Мать съёжилась и отвернулась от него. А мне было интересно слушать: он мне нравился своим злобным отношением к нашему хозяину.

— Он, старый чорт, не чует, что я богаче его в миллион раз, — с весёлой ненавистью говорил Триша. — Я живу своим трудом: я — наборщик, в типографии работаю. У меня друзей-товарищей — не пересчитать. А он деньги и дом грабежом нажил. Одно хорошее дело сделал — меня выгнал из дому. Да я и сам от стыда давно от дому отбился. Ведь наша улица всю подноготную про соседей знает. Ну, и просветили меня.

Он опять засмеялся и с неожиданным добродушием пошутил с матерью:

— Ты чего скорчилась, Настя? Не бойся: я парень свойский. Приглядишься ко мне — полюбишь. Я иногда к Манюшке, к святой кошке, захожу. Она любит с девчатами и молодыми бабёнками похороводиться. Вот я при первом же случае и нагряну к вам в гости. Преподобная грешница… Её вся Астрахань знает: все дома облазила. И то хорошо, что её за копейку купить можно — с охотой навредит и услужит.

Мы остановились перед маленьким деревянным домиком с воротами под тесовым козырьком. Триша спрыгнул на ходу с подножки и скрылся за калиткой. Мне бросилась в глаза его длинноногая, сутулая фигура в очень поношенном пиджачишке, кургузом для его роста, в узеньких брючках и стоптанных щиблетах. Но что-то в этом парне было привлекательное, жгучее и приятное, и я уже крепко был уверен, что он правдивый, прямой, открытый и хочет дружить с нами.

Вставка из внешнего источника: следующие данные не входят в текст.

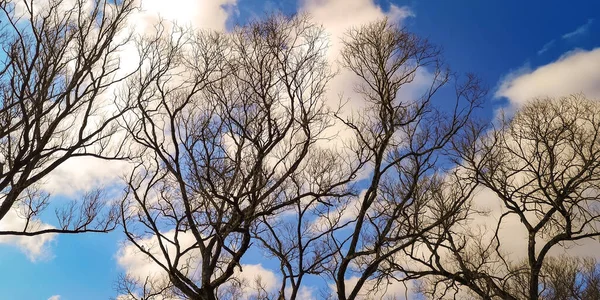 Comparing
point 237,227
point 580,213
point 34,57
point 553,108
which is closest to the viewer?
point 34,57

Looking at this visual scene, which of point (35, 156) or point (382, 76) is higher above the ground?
point (382, 76)

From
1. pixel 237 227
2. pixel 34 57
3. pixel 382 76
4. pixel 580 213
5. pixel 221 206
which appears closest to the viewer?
pixel 34 57

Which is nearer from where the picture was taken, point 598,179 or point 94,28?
point 94,28

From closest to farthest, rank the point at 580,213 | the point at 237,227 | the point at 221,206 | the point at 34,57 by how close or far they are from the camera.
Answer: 1. the point at 34,57
2. the point at 237,227
3. the point at 221,206
4. the point at 580,213

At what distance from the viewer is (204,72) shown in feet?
40.9

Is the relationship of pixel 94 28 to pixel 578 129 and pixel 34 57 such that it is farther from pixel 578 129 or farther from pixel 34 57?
pixel 578 129

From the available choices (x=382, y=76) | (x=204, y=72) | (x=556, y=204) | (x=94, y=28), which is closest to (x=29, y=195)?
(x=94, y=28)

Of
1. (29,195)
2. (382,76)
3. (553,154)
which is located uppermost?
(382,76)

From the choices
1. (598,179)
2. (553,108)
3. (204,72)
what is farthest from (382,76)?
(598,179)

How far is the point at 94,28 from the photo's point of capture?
11398 mm

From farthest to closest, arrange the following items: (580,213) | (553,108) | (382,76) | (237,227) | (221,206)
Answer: (553,108) < (580,213) < (382,76) < (221,206) < (237,227)

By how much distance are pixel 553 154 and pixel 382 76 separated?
18.4ft

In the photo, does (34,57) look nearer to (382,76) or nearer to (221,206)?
(221,206)

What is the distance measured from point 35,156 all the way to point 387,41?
8.21 metres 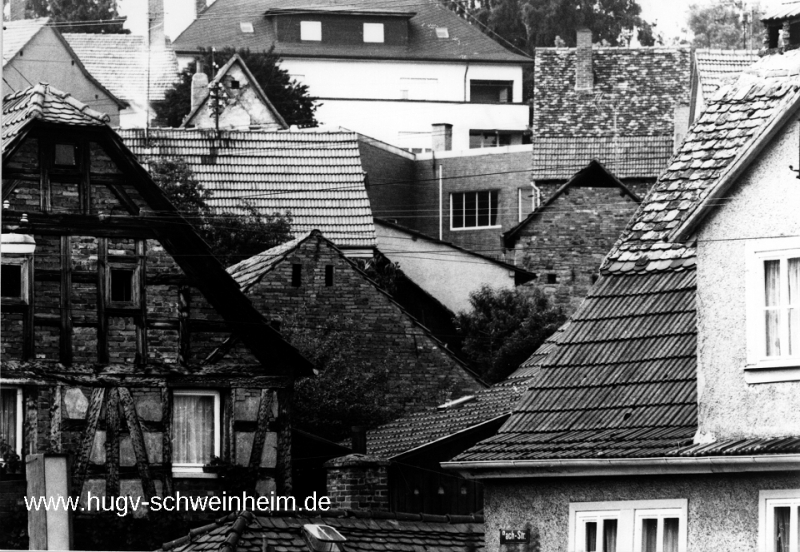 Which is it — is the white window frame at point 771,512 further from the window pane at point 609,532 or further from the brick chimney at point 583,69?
the brick chimney at point 583,69

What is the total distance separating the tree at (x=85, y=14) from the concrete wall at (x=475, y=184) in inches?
324

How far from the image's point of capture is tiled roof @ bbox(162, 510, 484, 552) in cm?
1573

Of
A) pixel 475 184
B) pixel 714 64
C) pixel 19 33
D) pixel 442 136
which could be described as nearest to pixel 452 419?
pixel 714 64

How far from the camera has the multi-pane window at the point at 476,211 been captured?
47.1 m

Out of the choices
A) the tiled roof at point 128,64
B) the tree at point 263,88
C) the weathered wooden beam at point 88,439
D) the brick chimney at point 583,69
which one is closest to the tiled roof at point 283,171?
the brick chimney at point 583,69

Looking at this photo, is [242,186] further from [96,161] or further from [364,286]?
[96,161]

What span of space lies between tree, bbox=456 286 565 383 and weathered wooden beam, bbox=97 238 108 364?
34.0ft

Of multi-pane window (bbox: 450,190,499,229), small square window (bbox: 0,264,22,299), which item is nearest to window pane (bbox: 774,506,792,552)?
small square window (bbox: 0,264,22,299)

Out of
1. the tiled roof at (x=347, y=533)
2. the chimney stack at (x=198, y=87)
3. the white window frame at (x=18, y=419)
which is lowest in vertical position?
the tiled roof at (x=347, y=533)

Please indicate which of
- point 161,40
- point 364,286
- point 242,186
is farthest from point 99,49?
point 364,286

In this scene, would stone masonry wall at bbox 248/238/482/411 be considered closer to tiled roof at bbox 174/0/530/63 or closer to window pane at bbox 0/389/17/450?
window pane at bbox 0/389/17/450

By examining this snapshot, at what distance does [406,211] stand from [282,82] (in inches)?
184

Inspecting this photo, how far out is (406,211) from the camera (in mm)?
47344

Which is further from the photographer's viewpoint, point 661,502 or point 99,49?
point 99,49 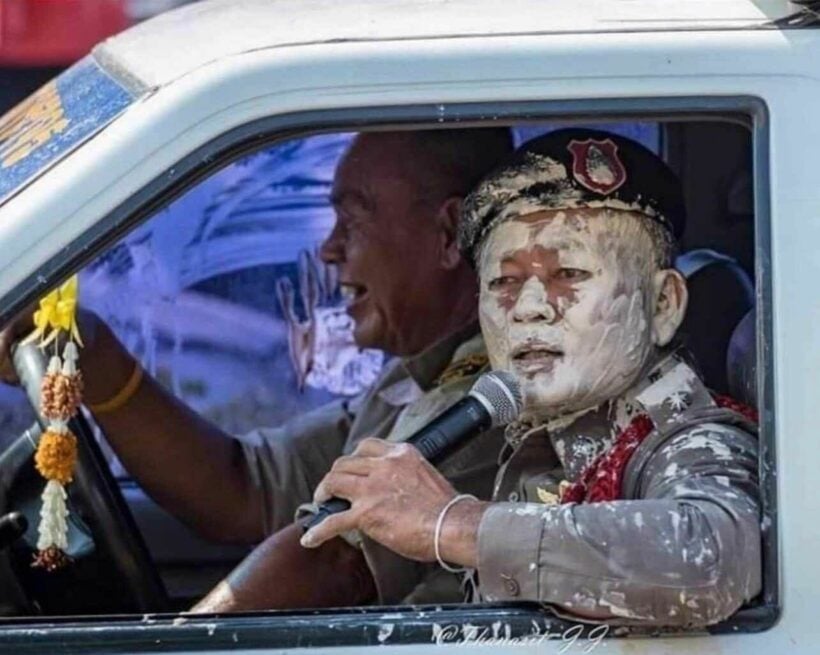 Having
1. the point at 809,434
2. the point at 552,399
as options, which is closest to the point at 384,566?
the point at 552,399

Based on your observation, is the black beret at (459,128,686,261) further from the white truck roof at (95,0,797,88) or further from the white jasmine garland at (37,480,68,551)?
the white jasmine garland at (37,480,68,551)

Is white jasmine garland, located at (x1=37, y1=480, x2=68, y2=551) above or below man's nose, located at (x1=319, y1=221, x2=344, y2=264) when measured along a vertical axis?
below

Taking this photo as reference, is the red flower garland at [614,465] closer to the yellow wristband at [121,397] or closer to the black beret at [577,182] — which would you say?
the black beret at [577,182]

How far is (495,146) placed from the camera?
273cm

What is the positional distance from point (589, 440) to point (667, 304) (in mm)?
190

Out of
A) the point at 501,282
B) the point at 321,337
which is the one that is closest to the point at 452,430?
the point at 501,282

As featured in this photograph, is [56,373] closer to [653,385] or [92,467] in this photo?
[92,467]

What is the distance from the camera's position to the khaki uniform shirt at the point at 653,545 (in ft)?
6.59

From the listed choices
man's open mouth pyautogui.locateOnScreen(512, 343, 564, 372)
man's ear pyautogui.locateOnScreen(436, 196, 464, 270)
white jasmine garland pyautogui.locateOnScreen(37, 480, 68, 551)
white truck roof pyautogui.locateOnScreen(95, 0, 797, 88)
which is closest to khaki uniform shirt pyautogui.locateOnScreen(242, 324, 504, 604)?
man's ear pyautogui.locateOnScreen(436, 196, 464, 270)

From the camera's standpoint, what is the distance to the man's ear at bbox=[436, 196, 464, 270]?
2922 millimetres

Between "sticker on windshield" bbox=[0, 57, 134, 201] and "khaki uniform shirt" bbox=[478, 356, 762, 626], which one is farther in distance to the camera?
"sticker on windshield" bbox=[0, 57, 134, 201]

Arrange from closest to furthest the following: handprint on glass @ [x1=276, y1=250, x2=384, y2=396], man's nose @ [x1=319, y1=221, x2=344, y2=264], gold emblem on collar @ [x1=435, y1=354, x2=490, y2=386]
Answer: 1. gold emblem on collar @ [x1=435, y1=354, x2=490, y2=386]
2. man's nose @ [x1=319, y1=221, x2=344, y2=264]
3. handprint on glass @ [x1=276, y1=250, x2=384, y2=396]

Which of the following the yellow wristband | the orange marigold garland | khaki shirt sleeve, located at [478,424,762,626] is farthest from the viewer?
the yellow wristband

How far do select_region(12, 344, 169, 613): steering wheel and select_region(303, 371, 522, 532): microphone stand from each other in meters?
0.67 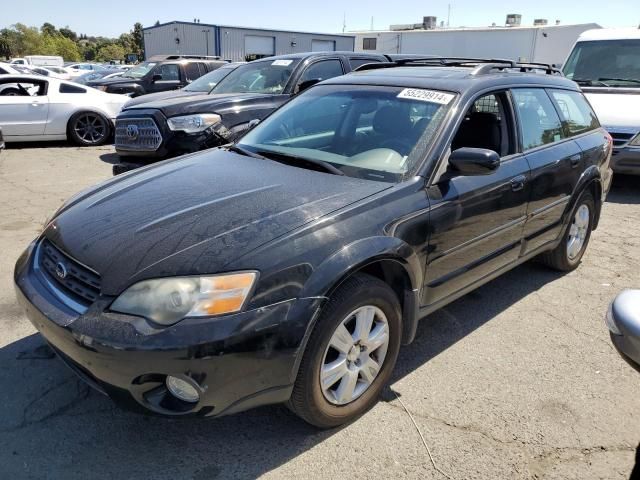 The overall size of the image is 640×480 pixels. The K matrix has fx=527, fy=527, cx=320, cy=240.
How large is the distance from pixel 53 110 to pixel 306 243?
9705 mm

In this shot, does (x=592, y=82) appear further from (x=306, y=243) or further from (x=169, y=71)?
(x=169, y=71)

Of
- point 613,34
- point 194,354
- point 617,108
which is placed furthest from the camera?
point 613,34

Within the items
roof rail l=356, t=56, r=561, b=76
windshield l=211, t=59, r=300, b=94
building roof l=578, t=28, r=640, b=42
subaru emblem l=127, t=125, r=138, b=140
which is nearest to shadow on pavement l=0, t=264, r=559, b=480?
roof rail l=356, t=56, r=561, b=76

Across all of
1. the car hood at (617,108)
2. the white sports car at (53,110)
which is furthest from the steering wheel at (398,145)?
the white sports car at (53,110)

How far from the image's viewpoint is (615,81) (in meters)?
8.23

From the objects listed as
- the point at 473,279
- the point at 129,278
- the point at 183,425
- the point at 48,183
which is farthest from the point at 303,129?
the point at 48,183

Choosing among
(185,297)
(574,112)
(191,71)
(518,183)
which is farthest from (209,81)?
(185,297)

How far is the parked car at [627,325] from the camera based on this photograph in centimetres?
145

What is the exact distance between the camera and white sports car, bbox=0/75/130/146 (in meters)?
9.93

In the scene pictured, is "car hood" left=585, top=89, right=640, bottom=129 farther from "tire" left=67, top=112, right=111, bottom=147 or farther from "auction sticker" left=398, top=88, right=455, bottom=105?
"tire" left=67, top=112, right=111, bottom=147

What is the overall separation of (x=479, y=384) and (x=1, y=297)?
338 cm

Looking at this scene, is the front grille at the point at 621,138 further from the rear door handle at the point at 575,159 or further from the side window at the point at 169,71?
the side window at the point at 169,71

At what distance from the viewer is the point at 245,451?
244 centimetres

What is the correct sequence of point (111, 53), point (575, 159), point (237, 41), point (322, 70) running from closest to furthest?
point (575, 159) < point (322, 70) < point (237, 41) < point (111, 53) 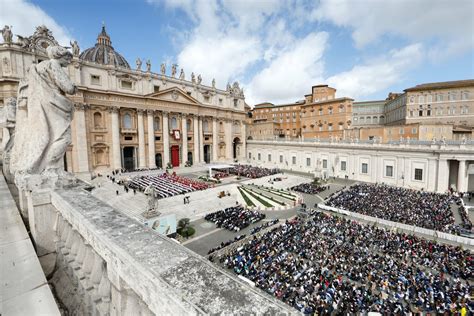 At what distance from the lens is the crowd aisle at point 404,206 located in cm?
1703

Отец обернулся к нам и предупредил:

— Ежели кто из вас сболтнёт, что я к нему заезжал, языки вырву… Связал меня чорт с ним. Прямо за горло схватил. Не знаю, как отбояриться. Буду по другим улицам ездить.

Мать робко, со страхом, пролепетала:

— Он какой-то злой, Фомич. Чего-то у него сердце горит.

Отец со свистом плюнул на землю, щёлкнул кнутом по колесу и прикрикнул на мать, как кричал, бывало, в деревне:

— Молчи, дура! Без тебя не знают. — И неожиданно решил: — На ватагу поедешь. Здесь тебе болтаться нечего. А чалки да мочалки — это от безделья рукоделье.

Отец сидел на козлах толстый, в кучерском армяке, а голова маленькая и смешная в жёсткой шапочке. Он смотрел в репицу лошади и говорил неприветливо и повелительно, как в деревне. Я наблюдал за матерью и не мог разгадать её: в лице застыло покорное отчаяние, но в глазах вспыхивала радостная надежда.

Триша выбежал из калитки с толстой церковной книгой и иконой в фольговой ризе, плохо завёрнутыми в газету. Он бесцеремонно столкнул меня с места и сел рядом с матерью, положив книгу и икону на свои острые колени.

— А ты, молодой человек, примостись у меня в ногах: ты, как таракан, можешь устроиться в любой щёлке. Привыкай передвигаться в любом положении и в любых условиях — пригодится. Трогай, Вася!

Отец с удивлением поглядел на необычные вещи Триши и на него самого и задёргал вожжами. Я присел на корточки в ногах у матери. Когда лошадь привычной ленивой рысью затрусила по улице, отец обернулся к Трише и с уважением пощупал глазами толстую книгу в кожаном переплёте с деревянными крышками и нарядную икону.

— Это чего у тебя, Триша? Аль писание читаешь?

— Хорошая книга, Вася, ценная, — сердито ответил Триша. — Пролог. Ей двести лет. Рукописная, лицевая. И икона древняя, только риза новая. Это родовое. Мамаша меня благословила, для души спасения. Куда везу-то? Не твоё дело. Ты не сыщик, а извозчик. Впрочем, так и быть, откроюсь: сейчас эти старинные книги и иконы полиция отбирает, а моленные закрывают. Вот для сохранности книги и прячу.

Отец, не оборачиваясь, подтвердил:

— У нас тоже в деревне моленную закрыли. Только книги-то да иконы из запечатанной избы вытащили. Начальство чуть умом не рехнулось. Ничего нигде не тронуто, а когда сняли печати, отперли — остались одни голые стены.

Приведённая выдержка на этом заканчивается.